Notes from the Hinterland (1)
Dear All,
I'll be the first to admit, this email is long overdue. For those of you who I had promised frequent updates about life in the dirty dirty south, I apologize; communication up until this point has been virtually nonexistent except for the few of you I've spoken to on the phone. If you got this email by accident, or don't want to receive further delta updates, just email me back and let me know.
For those of you who need to be caught up, I am living in a small town called Helena on the Mississippi River in the northern Mississippi Delta. I am, if you can believe it, a middle school teacher here. When I tell you my town is small, I mean what I say - Helena is home just over 6,000 people, and living here makes it seem even smaller. I see my students at the Wal-Mart and make them practice their times tables in line. They follow me around to see what I buy. The check out girls will often ask me "How did you like that DVD you bought three weeks ago," at which point I pray that they aren't talking about the Sex in the City DVD I bought for a friend that one time. (You never know who knows who here. And everybody here knows who I am because I don't belong.)
Just to give you an idea of how isolated I am here, I can drive 3 miles outside of Helena in any direction and be in farmland - cotton, soybean, or the occassional sunflower field (for quail hunting, mainly). Directions to a local juke joint in Marigold, Mississippi according to the man at the grocery store were as follows:
"It'll be cotton / soy / cotton / soy / cotton / soy. Then, all of a sudden, there'll be corn! When you see the corn, take a right and look for Christmas lights."

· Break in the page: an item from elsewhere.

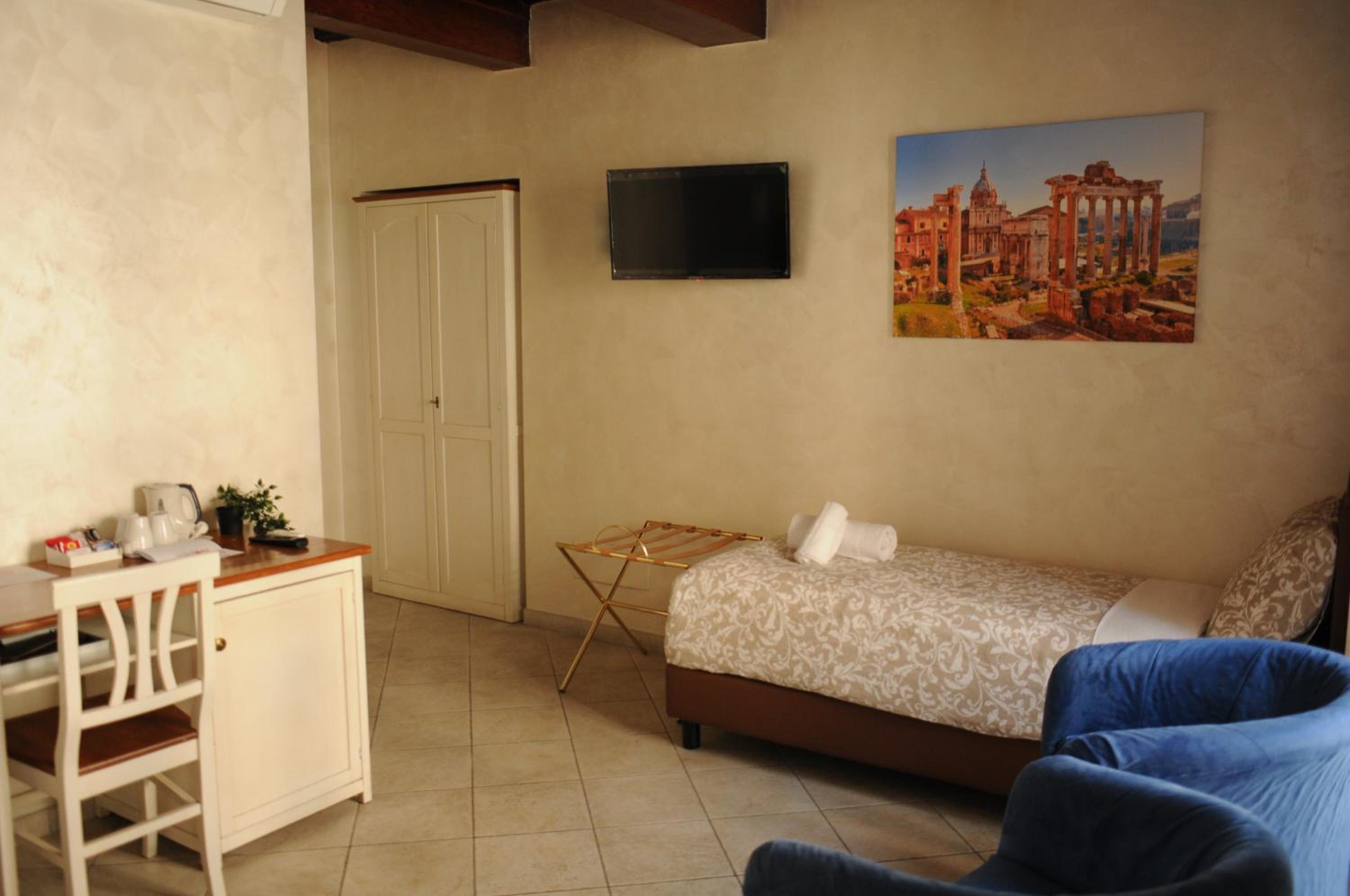 Triple Room photo 2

These were much more detailed than the directions I had received earlier that day to the same juke joint:
"Drive for about an hour towards Marigold, but turn right into a driveway before you get to Marigold. Then listen for noise."
Po' Monkey's - the juke joint in question - is a suspended wooden shack in the middle of a cotton field off of "Highway" 1. The ceilings are reinforced with garbage bags. The floorboards feel like they could collapse beneath your feet. The walls are decorated with drawer liner, stuffed animals (covered in plastic, oddly) old polaroids, and plastic Bud Lite banners. The "bar" consists of a fridge full of domestic beer and a giant jar of pickles. While Po' Monkey's is one of the original delta juke joints, it doesn't get too much action any more. But every once in a while, someone will be passing through - B. B. King for example - and will decide to stop in and play a set.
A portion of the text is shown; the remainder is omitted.